Chapitre 14
Nous restâmes dans notre chambre pendant quelques heures d'hibernation sans être dérangés par Emmett ou par n'importe qui d'autre, et ce fut agréable. Le verrou m'avait permis la liberté de l'embrasser et de le toucher quand je voulais. C'était étrange, cependant, d'être seule avec Edward. Nous étions toujours entourés de monde mais j'avais l'impression qu'il avait quelque chose à voir là-dedans.
Je doutais qu'il voulait être seul avec moi dans une chambre avec un lit si facilement accessible.
Mes doigts dessinaient de doux motifs, décrivant chaque tatouage de la poitrine d'Edward. Il était allongé sur le dos avec ses mains derrière la tête et les yeux fermés, profitant du doux mais chaste toucher. C'était la seule chose qu'il m'autorisait à faire après ce merveilleux moment qu'il m'avait donné et je voulais lui retourner la faveur. Je sentais à quel point il le voulait et ma main avait même glissé sous son jean, mais il m'avait dit que ce n'était pas la raison pour laquelle il m'avait doigté. Il ne cherchait pas de retour de faveur.
Ça n'avait aucune importance à quel point je lui disais que je m'en fichais ou à quel point je voulais le toucher, il ne me laissait pas.
C'était sa façon d'âne borné d'être un saint désintéressé.
- Que veut dire celui-là ? demandai-je, traçant le tatouage sur le haut droit de sa poitrine.

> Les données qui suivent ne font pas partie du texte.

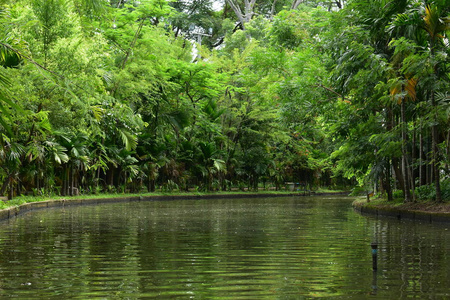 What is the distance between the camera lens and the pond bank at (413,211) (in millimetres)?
16453

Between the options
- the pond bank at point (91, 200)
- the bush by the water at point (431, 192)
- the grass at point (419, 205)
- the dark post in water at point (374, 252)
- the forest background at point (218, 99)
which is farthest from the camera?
the pond bank at point (91, 200)

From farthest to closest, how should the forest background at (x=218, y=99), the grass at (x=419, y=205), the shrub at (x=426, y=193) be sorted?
the shrub at (x=426, y=193) → the forest background at (x=218, y=99) → the grass at (x=419, y=205)

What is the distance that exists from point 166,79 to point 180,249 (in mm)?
29044

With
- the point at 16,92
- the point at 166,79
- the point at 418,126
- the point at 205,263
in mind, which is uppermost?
the point at 166,79

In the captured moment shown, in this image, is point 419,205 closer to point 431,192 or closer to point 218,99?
point 431,192

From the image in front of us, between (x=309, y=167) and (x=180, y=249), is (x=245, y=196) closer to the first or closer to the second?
(x=309, y=167)

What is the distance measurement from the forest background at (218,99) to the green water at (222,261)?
196 cm

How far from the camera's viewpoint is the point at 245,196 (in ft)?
139

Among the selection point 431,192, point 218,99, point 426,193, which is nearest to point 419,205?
point 431,192

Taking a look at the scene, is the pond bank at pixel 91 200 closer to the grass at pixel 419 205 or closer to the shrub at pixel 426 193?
the grass at pixel 419 205

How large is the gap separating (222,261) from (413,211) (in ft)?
32.8

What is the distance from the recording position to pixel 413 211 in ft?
58.2

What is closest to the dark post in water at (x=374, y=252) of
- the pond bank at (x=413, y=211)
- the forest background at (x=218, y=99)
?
the forest background at (x=218, y=99)

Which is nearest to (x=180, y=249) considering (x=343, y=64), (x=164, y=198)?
(x=343, y=64) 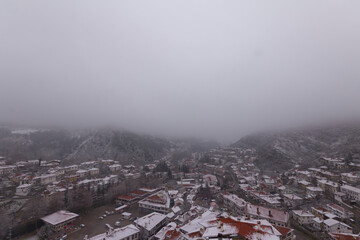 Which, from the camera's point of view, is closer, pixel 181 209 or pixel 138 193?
pixel 181 209

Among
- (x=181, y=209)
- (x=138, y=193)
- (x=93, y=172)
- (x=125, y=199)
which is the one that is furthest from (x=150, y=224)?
(x=93, y=172)

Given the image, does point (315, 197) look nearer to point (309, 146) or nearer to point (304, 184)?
point (304, 184)

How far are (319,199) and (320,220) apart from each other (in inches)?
474

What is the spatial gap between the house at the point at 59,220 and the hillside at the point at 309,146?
62.8m

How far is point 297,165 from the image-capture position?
5991 centimetres

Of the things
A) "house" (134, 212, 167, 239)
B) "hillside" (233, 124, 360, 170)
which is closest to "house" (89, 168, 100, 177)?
"house" (134, 212, 167, 239)

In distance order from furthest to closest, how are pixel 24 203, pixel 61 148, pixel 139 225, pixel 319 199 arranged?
pixel 61 148, pixel 319 199, pixel 24 203, pixel 139 225

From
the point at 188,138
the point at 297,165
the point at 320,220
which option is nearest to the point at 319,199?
the point at 320,220

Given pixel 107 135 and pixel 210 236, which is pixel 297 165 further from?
pixel 107 135

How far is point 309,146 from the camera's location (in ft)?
248

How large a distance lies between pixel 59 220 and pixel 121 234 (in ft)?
35.7

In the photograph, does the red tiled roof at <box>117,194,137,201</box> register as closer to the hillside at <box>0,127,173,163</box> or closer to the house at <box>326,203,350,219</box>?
the house at <box>326,203,350,219</box>

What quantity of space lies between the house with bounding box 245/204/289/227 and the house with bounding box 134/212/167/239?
12.3 metres

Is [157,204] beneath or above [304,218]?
beneath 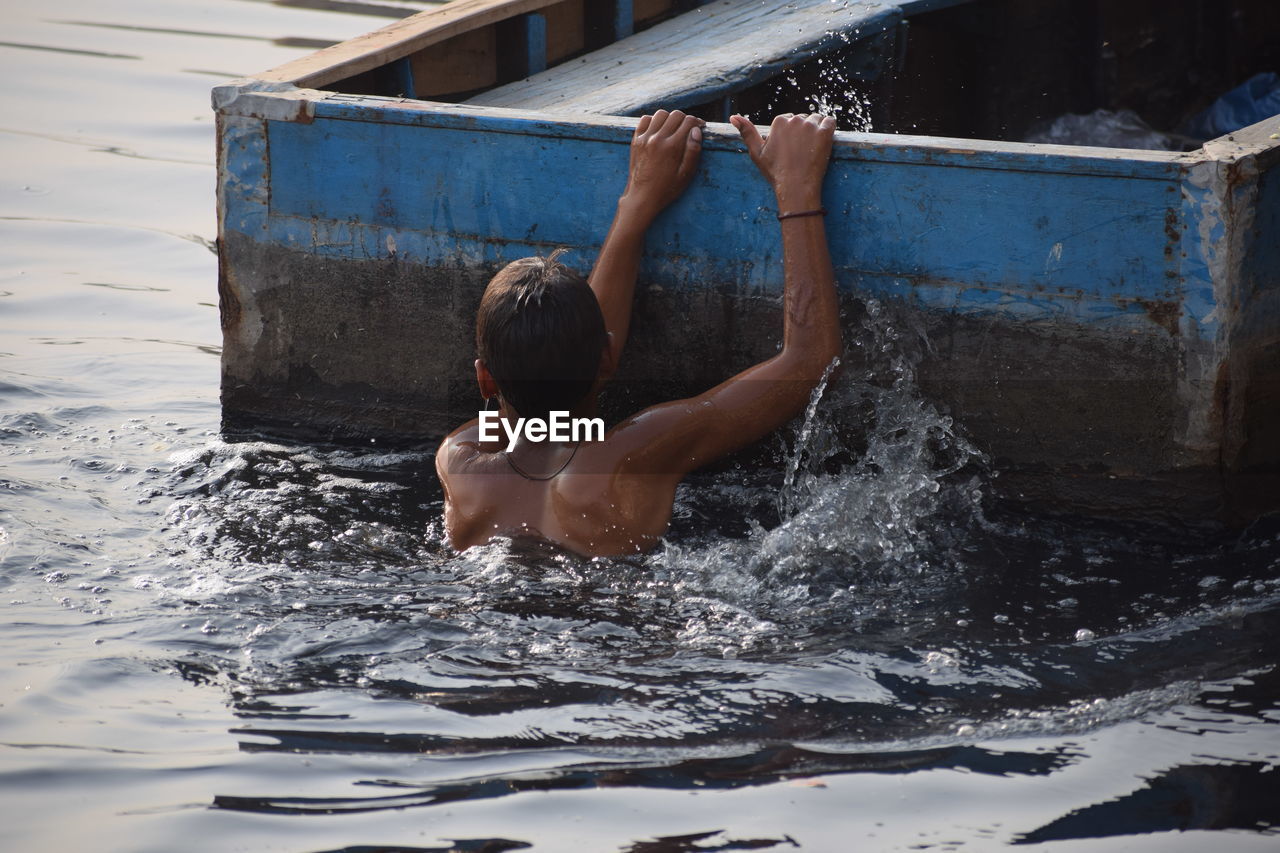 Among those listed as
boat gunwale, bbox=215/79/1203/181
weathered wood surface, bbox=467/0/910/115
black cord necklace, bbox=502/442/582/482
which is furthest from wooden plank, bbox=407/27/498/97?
black cord necklace, bbox=502/442/582/482

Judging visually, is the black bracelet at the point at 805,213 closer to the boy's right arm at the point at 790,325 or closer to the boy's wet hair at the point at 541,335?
the boy's right arm at the point at 790,325

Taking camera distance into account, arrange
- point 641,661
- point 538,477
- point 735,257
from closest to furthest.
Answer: point 641,661 → point 538,477 → point 735,257

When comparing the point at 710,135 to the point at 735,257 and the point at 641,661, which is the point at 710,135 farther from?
the point at 641,661

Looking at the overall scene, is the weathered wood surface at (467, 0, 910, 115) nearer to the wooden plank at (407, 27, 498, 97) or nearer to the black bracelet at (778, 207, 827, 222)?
the wooden plank at (407, 27, 498, 97)

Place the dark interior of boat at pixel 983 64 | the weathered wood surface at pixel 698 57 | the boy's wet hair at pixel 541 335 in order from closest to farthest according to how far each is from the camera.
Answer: the boy's wet hair at pixel 541 335, the weathered wood surface at pixel 698 57, the dark interior of boat at pixel 983 64

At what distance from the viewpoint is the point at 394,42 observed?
16.2 ft

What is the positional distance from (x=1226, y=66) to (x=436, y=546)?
224 inches

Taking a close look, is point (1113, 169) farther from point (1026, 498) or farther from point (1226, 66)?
point (1226, 66)

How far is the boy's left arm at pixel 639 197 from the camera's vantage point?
385 cm

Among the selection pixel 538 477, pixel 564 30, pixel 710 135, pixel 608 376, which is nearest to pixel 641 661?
pixel 538 477

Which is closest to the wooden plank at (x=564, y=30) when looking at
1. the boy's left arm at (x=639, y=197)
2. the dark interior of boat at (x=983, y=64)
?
the dark interior of boat at (x=983, y=64)

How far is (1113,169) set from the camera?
11.6 ft

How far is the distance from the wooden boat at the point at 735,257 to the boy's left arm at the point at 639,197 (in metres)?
0.07

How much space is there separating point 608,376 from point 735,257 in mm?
583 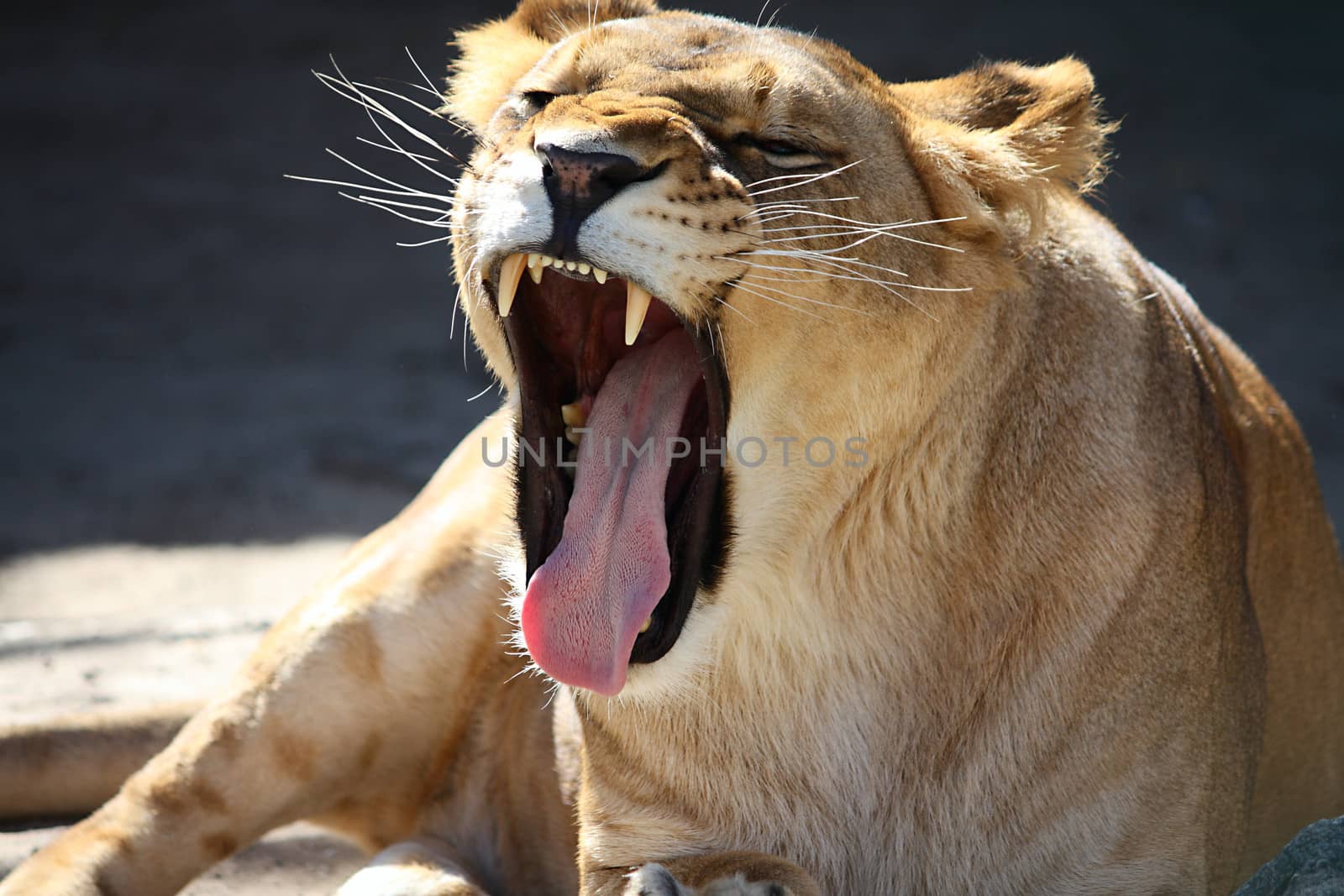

Il était difficile de saisir sans avoir ce que c'était. D'un certain aspect, il ressemblait à un tatouage tribal. C'était un croissant de lune et sur la partie supérieure de celui-ci, il y avait des formes circulaires avec des lignes y entrant et sortant. Tout le truc était complexe, confus et allait complètement à Edward.
Il leva la tête pour voir ce que je pointais.
- C'est juste un symbole celtique. Je l'ai eu quand j'avais quinze ans.
- Quinze ans ? Je le regardai. Tes parents t'ont laissé te faire un tatouage à quinze ans ?
- Non, bien sûr que non, dit-il, se rallongeant. Ces connards pompeux se sont chiés dessus quand ils l'ont découvert. J'étais une honte pour eux et ma mère - la putain de prêtresse catholique - m'a fait aller à la confession deux fois par semaine pendant un mois pour nettoyer ce putain de péché.
Il serra les dents et son corps se tendit, essayant manifestement de retenir sa colère. Cela me choqua qu'il parle si ouvertement de ses parents. La question de la famille avait tellement été secrète et personne n'avait voulu en parler. A chaque fois qu'ils l'avaient fait, Edward leur avait donné un regard sévère et ils avaient laissé tomber.
- Je ne suis pas vraiment une personne religieuse, dis-je, soutenant les coudes sur sa poitrine. Renée a été dans le christianisme pendant un moment et nous allions à l'église les samedis mais ça s'est pratiquement terminé lorsqu'elle a rencontré son mari.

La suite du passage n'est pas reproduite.